Would you restate each line of the data below word for word, without its pictures?

DATASET SECTION:
———

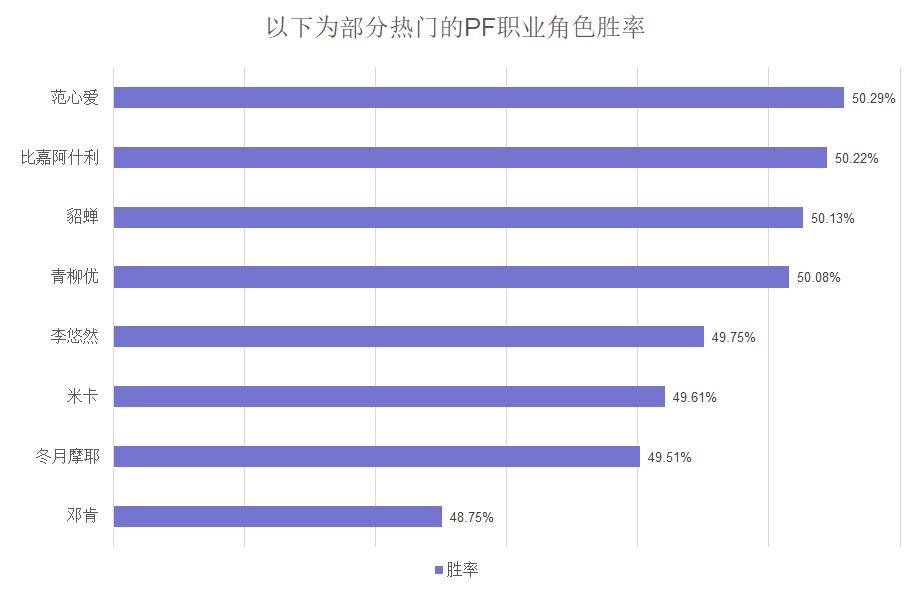 《街头篮球》稀有角色&热门角色胜率大揭秘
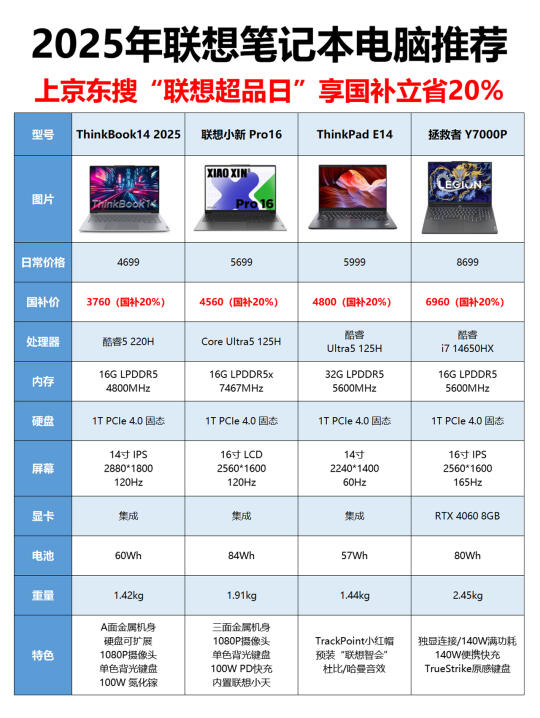 享国补20%！联想高性价比笔记本电脑推荐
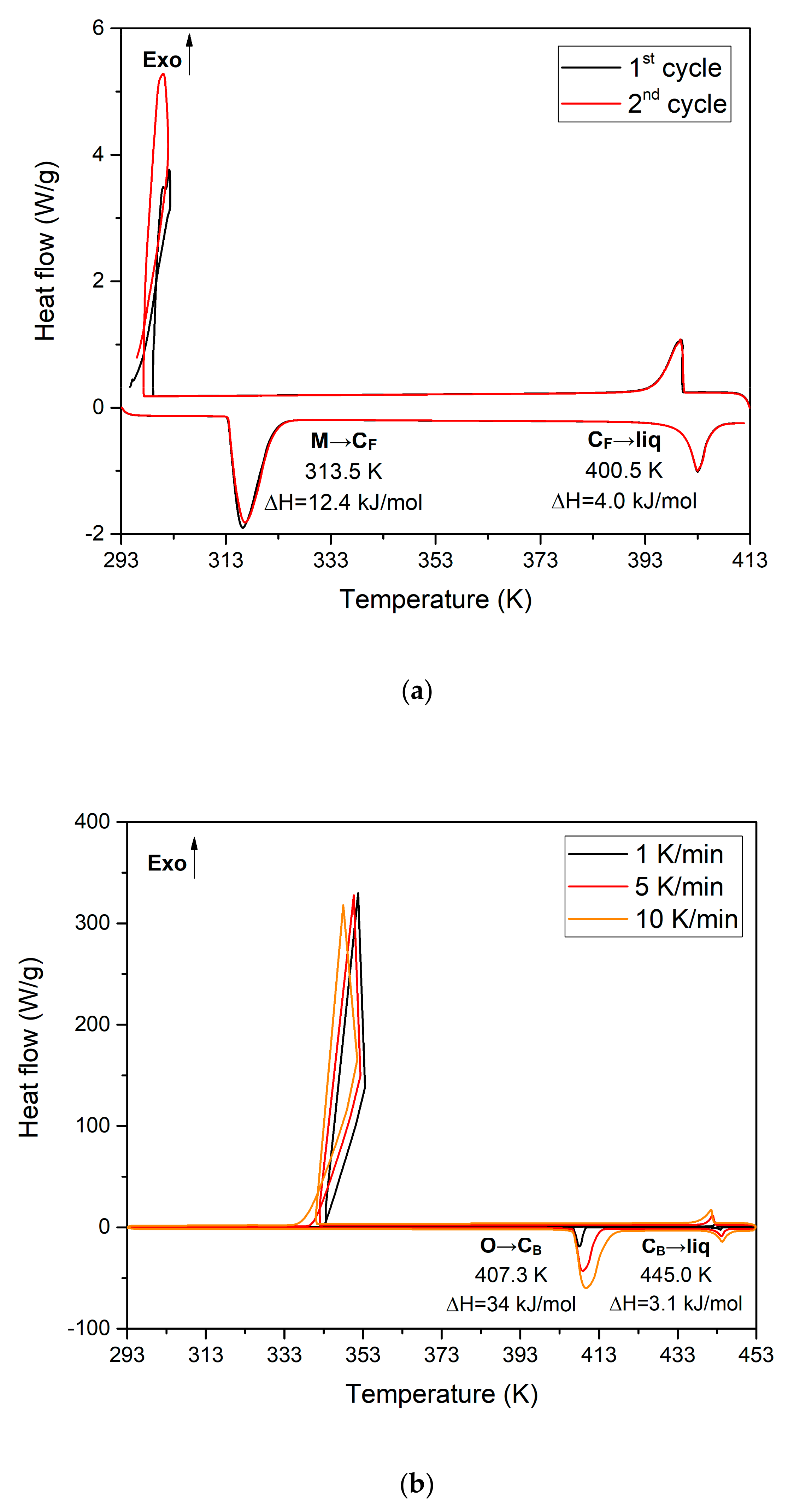 Materials 13 01162 g001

———

EXERCISE OUTPUT:
 《街头篮球》稀有角色&热门角色胜率大揭秘
 享国补20%！联想高性价比笔记本电脑推荐
 Materials 13 01162 g001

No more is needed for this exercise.